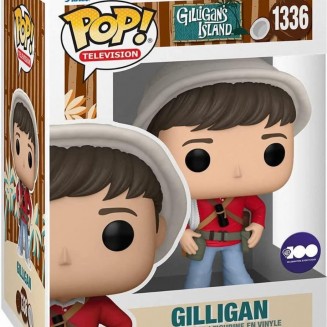Funko Pop! Television: Gilligan’s Island - Gilligan #1336 Vinyl Figure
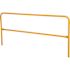 Vestil 96" Steel Safety Railing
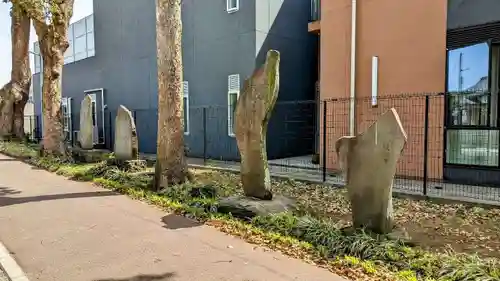 葛飾八幡宮のその他建物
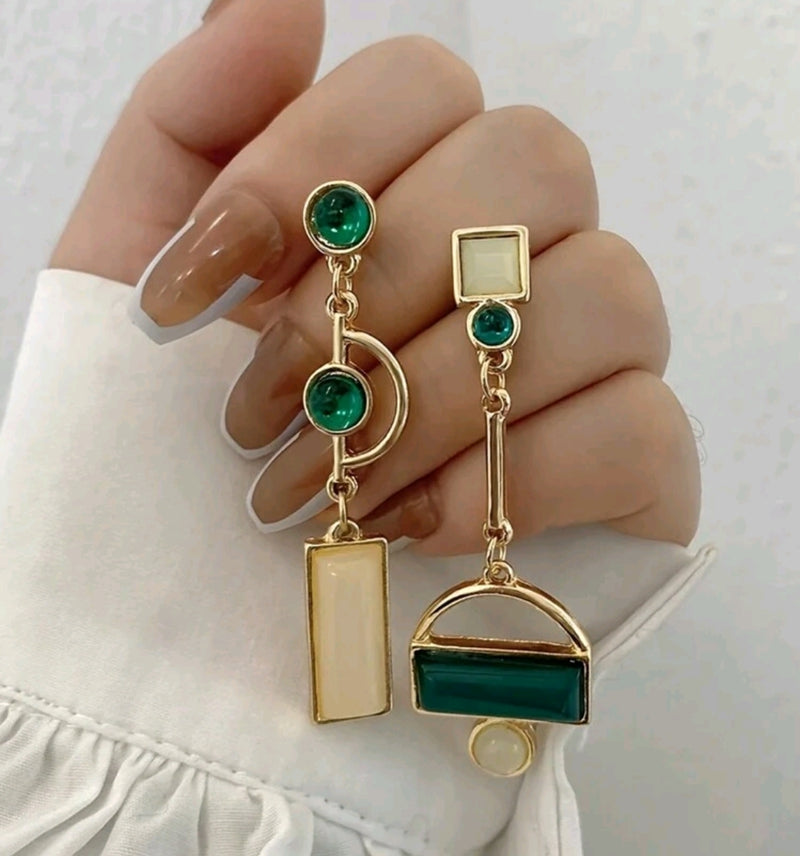 Upside Down Earrings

════════

■ **TO DO**: Print the material word for word without images.

■ **RESULT**:
Funko Pop! Television: Gilligan’s Island - Gilligan #1336 Vinyl Figure
 Vestil 96" Steel Safety Railing
 葛飾八幡宮のその他建物
 Upside Down Earrings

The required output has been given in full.